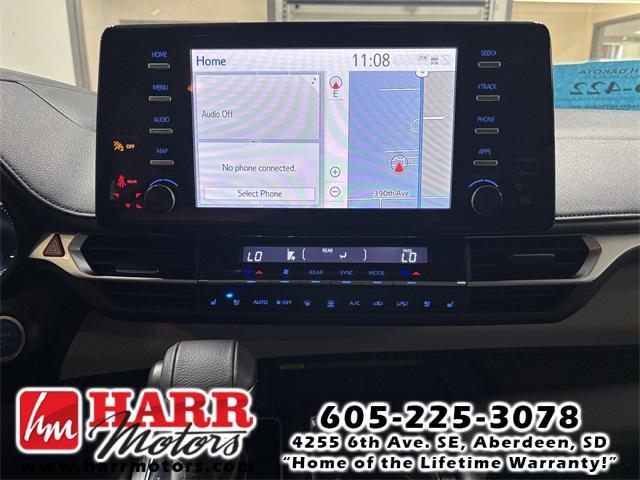 used 2022 Toyota Sienna car, priced at $45,999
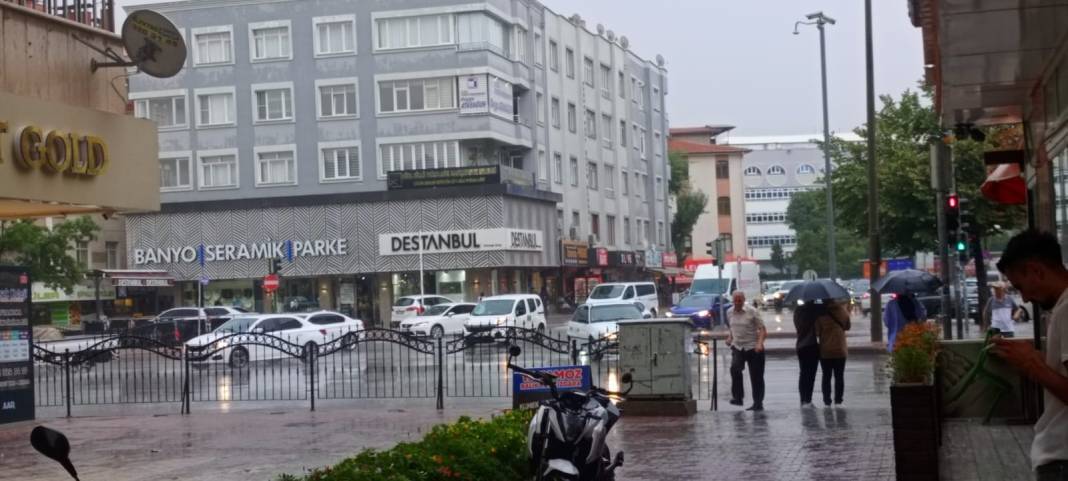 Sandığınız gibi değil! İşte Konya’da en çok yağış alan yer 8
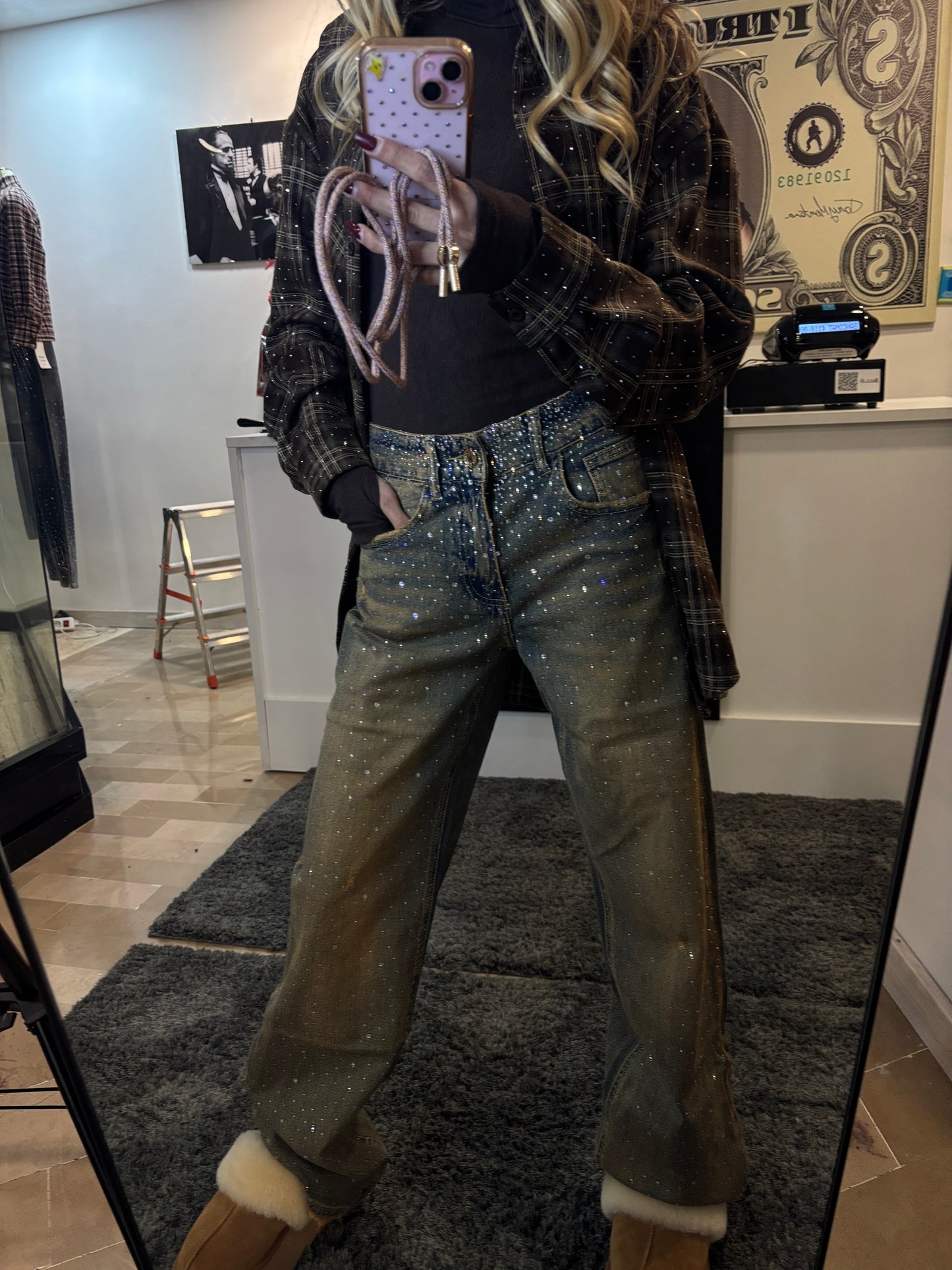Jeans Scintillant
━━━━━━━━━━━━━━━━━━━━
## Directions
Everything in the listing is to be returned word for word, except the pictures.

## Task solution
 used 2022 Toyota Sienna car, priced at $45,999
 Sandığınız gibi değil! İşte Konya’da en çok yağış alan yer 8
Jeans Scintillant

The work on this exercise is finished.